(EXERCISE DETAILS)
From top to bottom, print the listing word for word and skip any pictures it contains.
Top of SOURCE INFORMATION
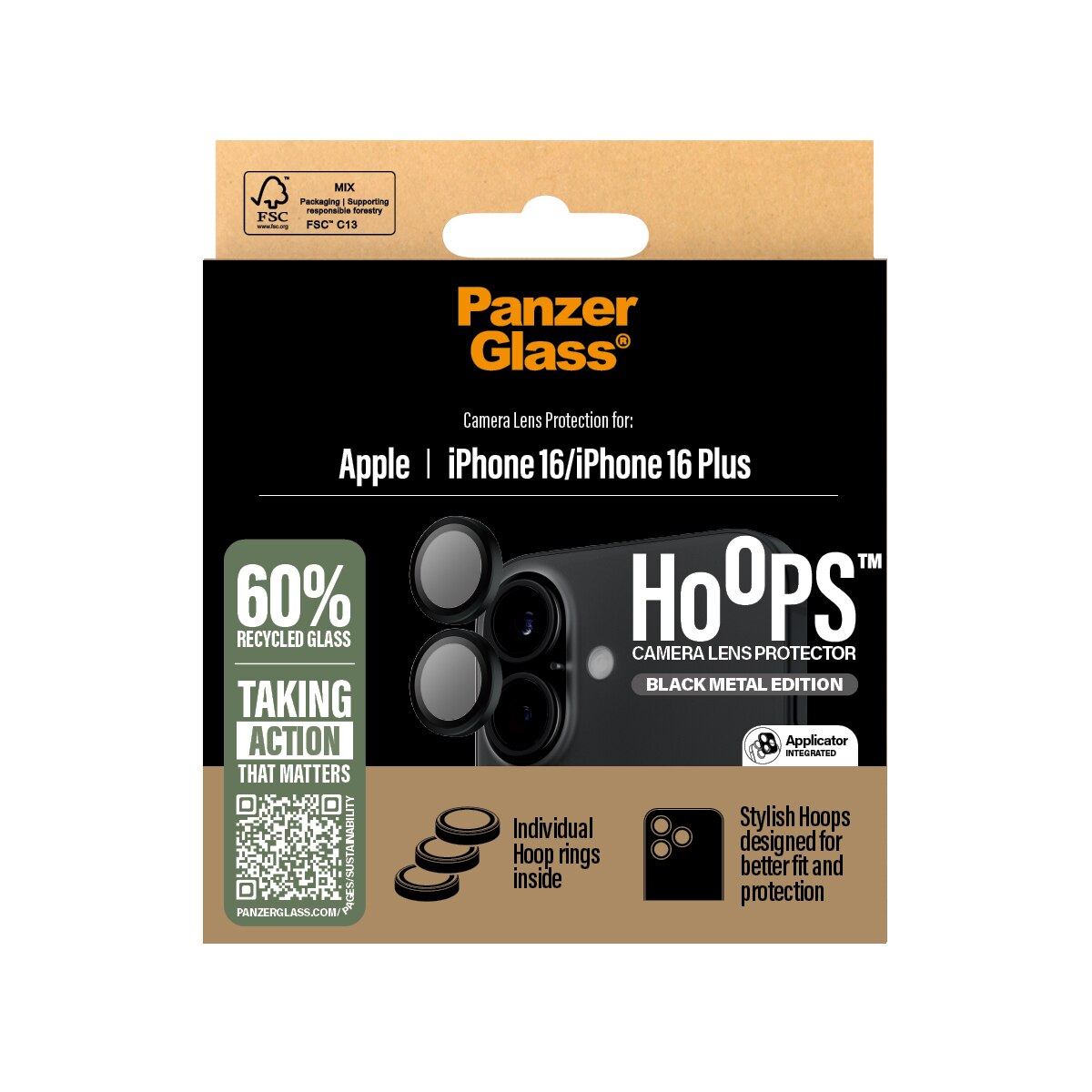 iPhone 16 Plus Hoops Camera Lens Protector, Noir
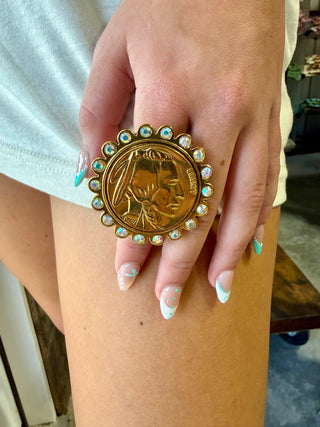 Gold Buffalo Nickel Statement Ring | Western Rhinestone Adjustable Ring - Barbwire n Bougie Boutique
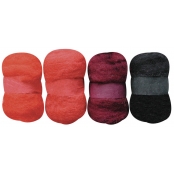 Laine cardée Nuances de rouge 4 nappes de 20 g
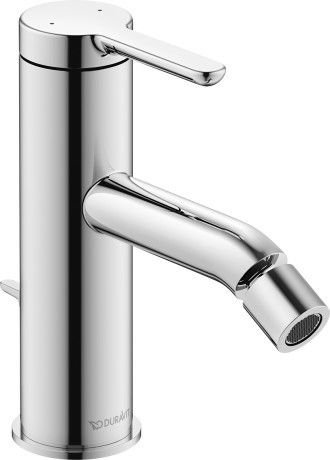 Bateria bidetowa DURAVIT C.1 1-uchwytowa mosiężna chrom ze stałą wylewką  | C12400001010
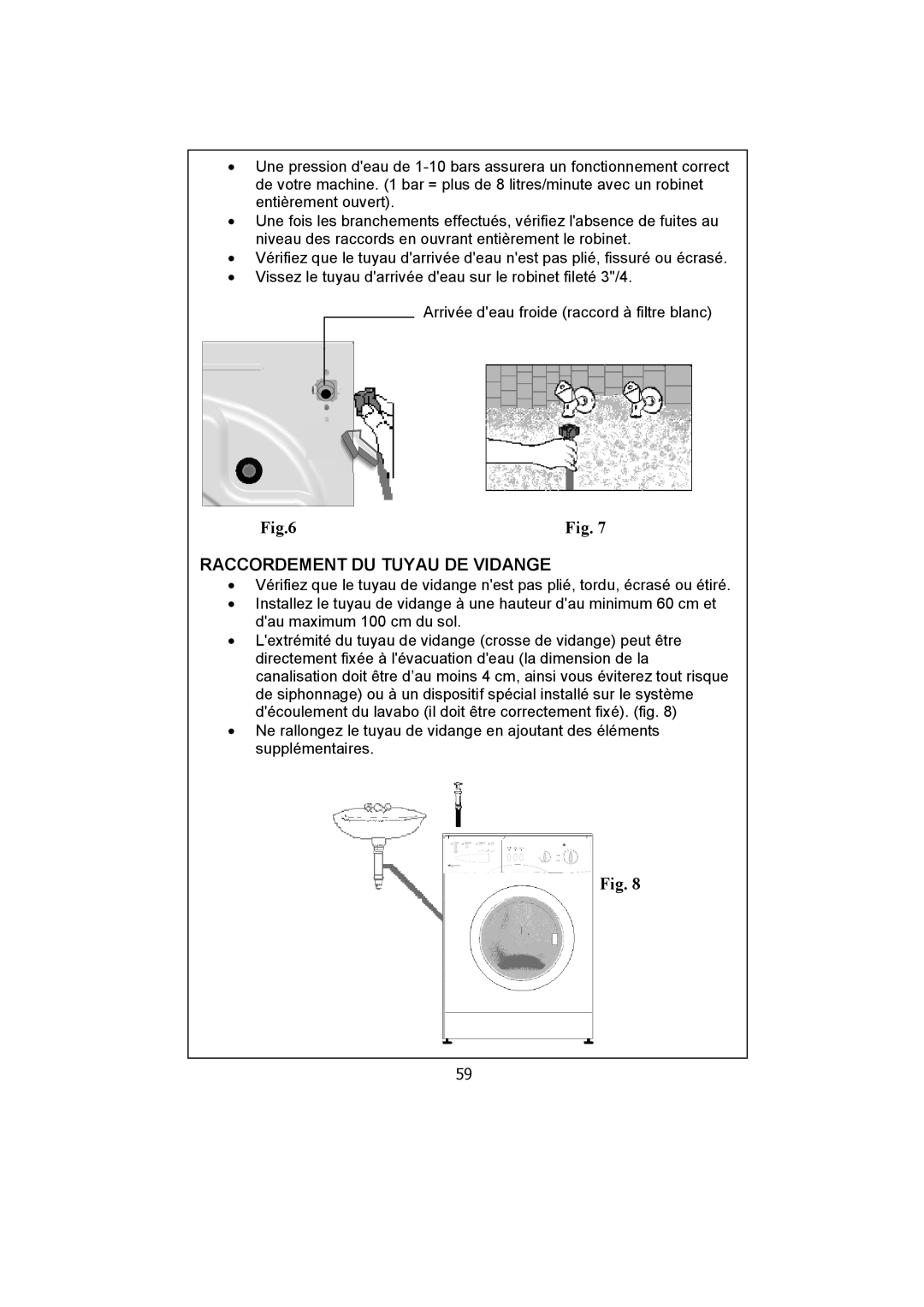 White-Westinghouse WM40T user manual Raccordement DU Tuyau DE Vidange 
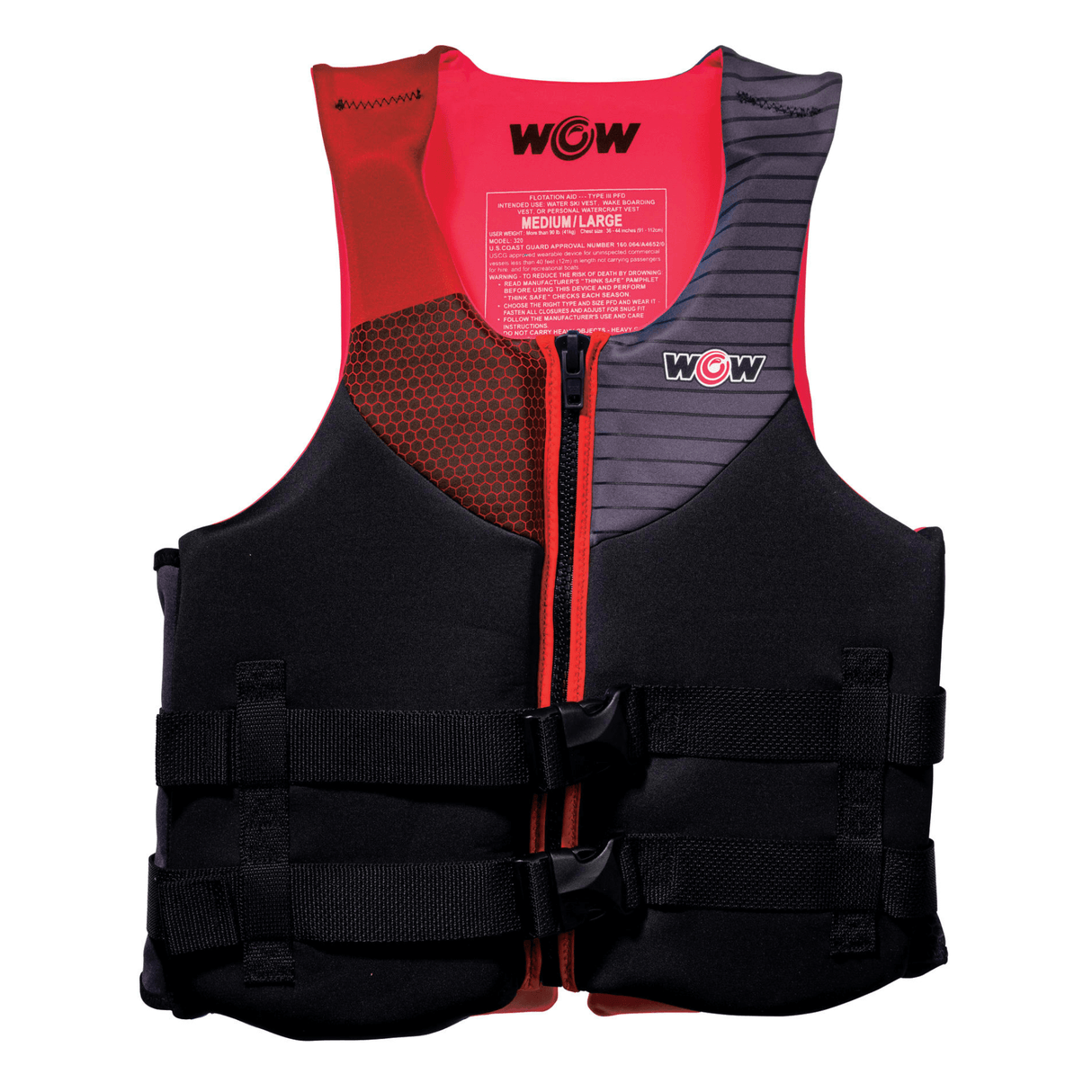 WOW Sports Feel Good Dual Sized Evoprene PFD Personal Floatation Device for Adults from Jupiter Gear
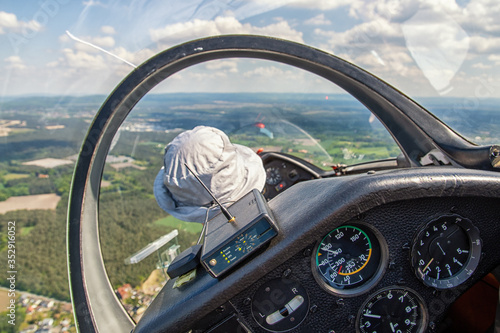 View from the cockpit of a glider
Bottom of SOURCE INFORMATION
(SOLVED EXERCISE)
 iPhone 16 Plus Hoops Camera Lens Protector, Noir
 Gold Buffalo Nickel Statement Ring | Western Rhinestone Adjustable Ring - Barbwire n Bougie Boutique
 Laine cardée Nuances de rouge 4 nappes de 20 g
 Bateria bidetowa DURAVIT C.1 1-uchwytowa mosiężna chrom ze stałą wylewką  | C12400001010
 White-Westinghouse WM40T user manual Raccordement DU Tuyau DE Vidange 
 WOW Sports Feel Good Dual Sized Evoprene PFD Personal Floatation Device for Adults from Jupiter Gear
 View from the cockpit of a glider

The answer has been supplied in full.